**Task description:** Transcribe the data exactly, pictures excluded.

**Available data:**

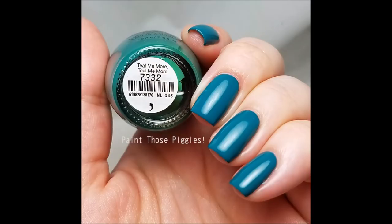The second one I wore from the Grease collection is OPI's Tell Me More Tell Me More. I really liked this color — it's not necessarily a spring or summer color, but it worked when it was still cool in the spring. The formula is really good and it's a really pretty color.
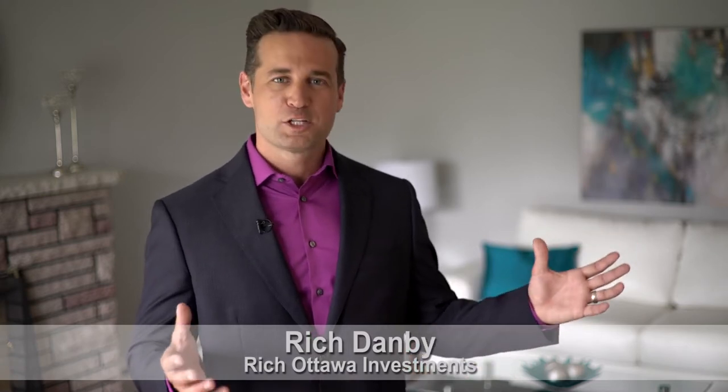Hi, I'm Rich Damby, President of Rich Ottawa Investments, and welcome to our latest project. This is a huge five-bedroom bungalow right here in Ottawa. Now we've bought a lot of bungalows before, but this one is massive — five bedrooms, family room, massive main floor.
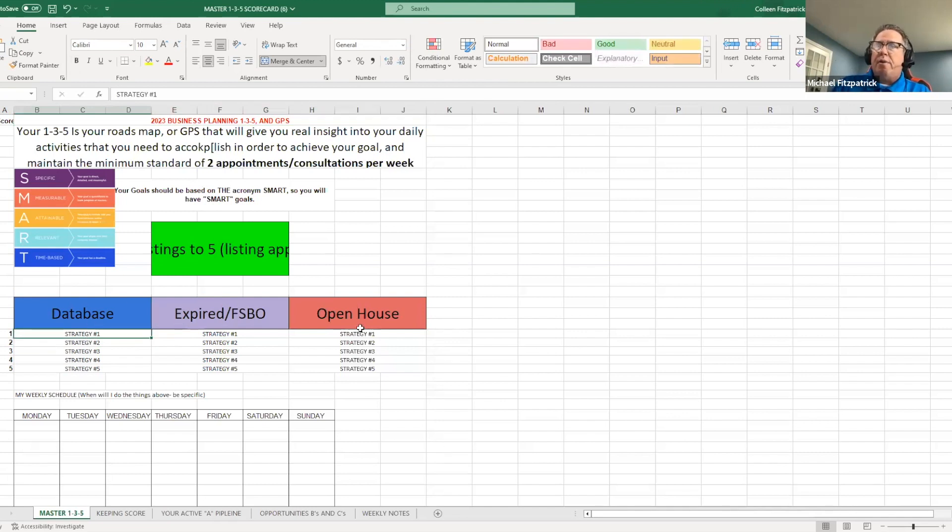So now we've got the goal, the three priorities — now we need to do the five strategies. We're going to piece this together, but in no way should your 1-3-5 or GPS be etched in stone in the time frame we're doing it right now. This needs to take some time. You need to digest it, break it, and try to find where it could fail so you can change it.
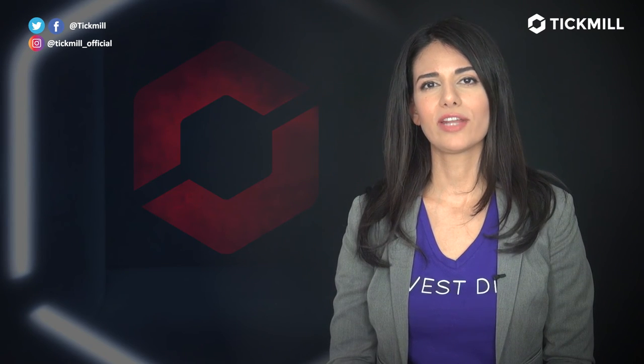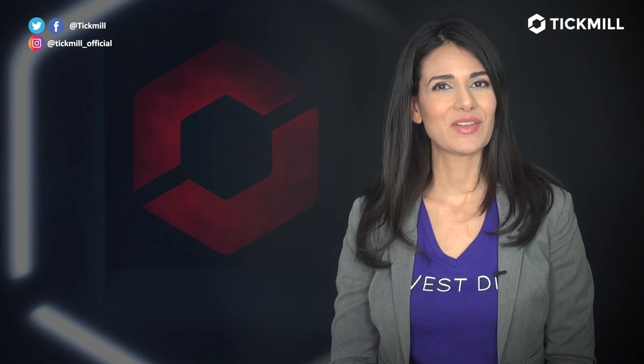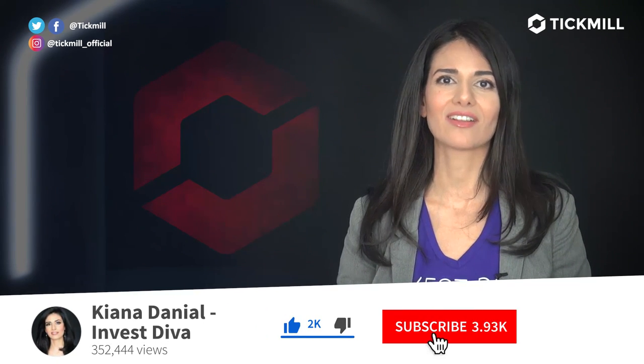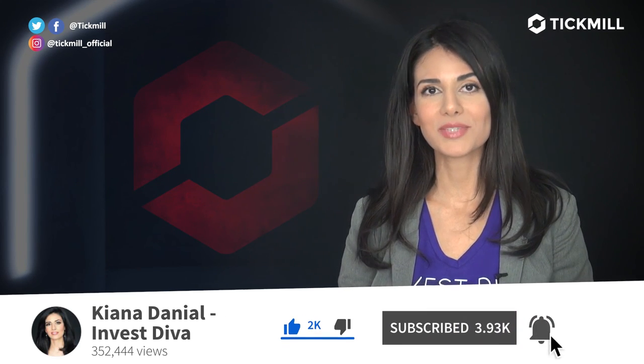Of course, trading in the financial markets involves a risk of loss, and you should only trade the money that you can afford to lose. If you like this video, give it a thumbs up and subscribe to the Tick Mill YouTube channel. I'll get back to you with more updates tomorrow.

**Result for this task:**
The second one I wore from the Grease collection is OPI's Tell Me More Tell Me More. I really liked this color — it's not necessarily a spring or summer color, but it worked when it was still cool in the spring. The formula is really good and it's a really pretty color.
Hi, I'm Rich Damby, President of Rich Ottawa Investments, and welcome to our latest project. This is a huge five-bedroom bungalow right here in Ottawa. Now we've bought a lot of bungalows before, but this one is massive — five bedrooms, family room, massive main floor.
So now we've got the goal, the three priorities — now we need to do the five strategies. We're going to piece this together, but in no way should your 1-3-5 or GPS be etched in stone in the time frame we're doing it right now. This needs to take some time. You need to digest it, break it, and try to find where it could fail so you can change it.
Of course, trading in the financial markets involves a risk of loss, and you should only trade the money that you can afford to lose. If you like this video, give it a thumbs up and subscribe to the Tick Mill YouTube channel. I'll get back to you with more updates tomorrow.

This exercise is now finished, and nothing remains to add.